The MMA stage operates on the scaled FP8 values, accumulating results in higher precision (FP32) to prevent numerical drift during the accumulation. This mixed-precision approach – FP8 inputs with FP32 accumulation – is essential for maintaining model quality.
Epilogue Stage
After the MMA completes, the epilogue stage handles:
- Scale application – The per-block scaling factors are applied to the accumulated results to produce the final FP32 values.
- Bias addition – If a bias term
Cis provided, it is added to the result. - Output casting – The FP32 results are cast to the output dtype (typically BF16 for downstream consumption).
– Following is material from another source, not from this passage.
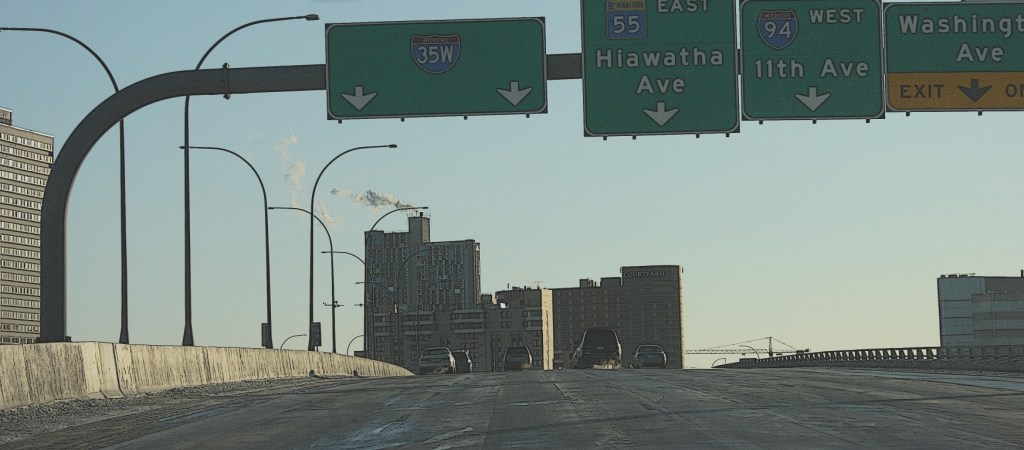 Southbound on Interstate 35W over the Mississippi River near downtown Minneapolis.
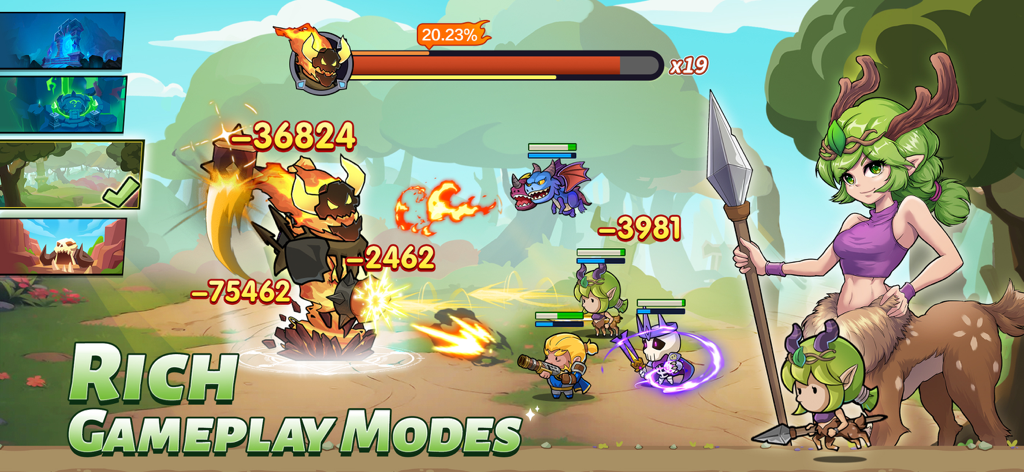 Chibi heroes battling a fire boss in Mini Heroes Magic Throne showcasing various gameplay modes.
- Output store – The final results are written back to global memory, potentially using TMA stores for efficiency.
The entire pipeline is orchestrated to maximize overlap between memory transfers and computation, ensuring that the tensor cores are never starved for data.
Key Features
Understanding DeepGEMM’s Key Features
The features diagram above organizes DeepGEMM’s capabilities into three major categories. Let us explore each in depth:
Precision Support
DeepGEMM provides comprehensive precision coverage for different computational needs:
-
FP8 GEMM (E4M3) – The flagship feature, offering the highest throughput for LLM workloads. FP8 E4M3 provides 4 exponent bits and 3 mantissa bits, giving a dynamic range suitable for weights and activations. DeepGEMM supports both 1D-1D and 1D-2D fine-grained scaling modes, allowing users to choose the right trade-off between accuracy and performance for their specific model.
-
FP8xFP4 Mixed Precision – A cutting-edge feature for SM100 (Blackwell) GPUs that stores weights in FP4 (2 exponent bits, 1 mantissa bit) while keeping activations in FP8. This halves the memory bandwidth for weight loading, which is critical for MoE models where the weight-to-computation ratio is high. The FP4 weights use UE8M0 scaling factors packed into 32-bit integers for memory efficiency.
-
BF16 GEMM – Traditional Brain Float 16 support for workloads that require higher numerical precision or for backward compatibility with existing models. BF16 provides 8 exponent bits and 7 mantissa bits, matching FP32’s dynamic range with reduced precision.
-
TF32 HC Pre-Norm GEMM – TensorFloat-32 with HyperConnection pre-normalization. This specialized kernel supports the HyperConnection architecture used in DeepSeek models, where pre-normalization is fused into the GEMM operation to reduce kernel launch overhead and improve numerical stability.
MoE Optimizations
Mixture-of-Experts models present unique computational challenges that DeepGEMM addresses with specialized kernels:
-
Mega MoE – The most advanced MoE optimization in DeepGEMM. It fuses the entire MoE computation – EP dispatch, two FP8xFP4 linear layers, SwiGLU activation, and EP combine – into a single mega-kernel. By overlapping NVLink communication with tensor core computation, Mega MoE can hide most of the communication latency that would otherwise bottleneck MoE inference. This requires multi-process launch with symmetric memory buffers.
-
MQA Logits – Multi-Query Attention scoring kernels for the DeepSeek V3.2 lightning indexer. These kernels compute token-to-token logits using weighted ReLU attention, supporting both paged (for decoding) and non-paged (for prefilling) variants. The FP8 implementation reduces memory bandwidth requirements while maintaining scoring accuracy.
-
Grouped GEMM – Specialized for MoE forward and backward passes where multiple experts share the same weight dimensions. DeepGEMM supports two layouts:
- Contiguous layout – Tokens from each expert are concatenated into a single tensor, suitable for training forward passes and inference prefilling.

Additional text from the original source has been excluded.